■ **WHAT TO WORK ON**: All of the data that follows should be output again without any alteration.

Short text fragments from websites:
_ _ _ _ _

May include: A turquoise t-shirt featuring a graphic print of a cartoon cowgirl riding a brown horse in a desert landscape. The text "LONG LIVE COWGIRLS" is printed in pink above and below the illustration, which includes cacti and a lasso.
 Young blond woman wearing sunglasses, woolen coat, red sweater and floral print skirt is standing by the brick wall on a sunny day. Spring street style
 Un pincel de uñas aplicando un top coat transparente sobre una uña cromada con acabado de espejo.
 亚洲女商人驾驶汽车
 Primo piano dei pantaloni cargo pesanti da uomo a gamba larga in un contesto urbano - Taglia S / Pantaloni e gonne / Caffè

_ _ _ _ _

■ **COMPLETED EXERCISE**:
May include: A turquoise t-shirt featuring a graphic print of a cartoon cowgirl riding a brown horse in a desert landscape. The text "LONG LIVE COWGIRLS" is printed in pink above and below the illustration, which includes cacti and a lasso.
 Young blond woman wearing sunglasses, woolen coat, red sweater and floral print skirt is standing by the brick wall on a sunny day. Spring street style
 Un pincel de uñas aplicando un top coat transparente sobre una uña cromada con acabado de espejo.
 亚洲女商人驾驶汽车
 Primo piano dei pantaloni cargo pesanti da uomo a gamba larga in un contesto urbano - Taglia S / Pantaloni e gonne / Caffè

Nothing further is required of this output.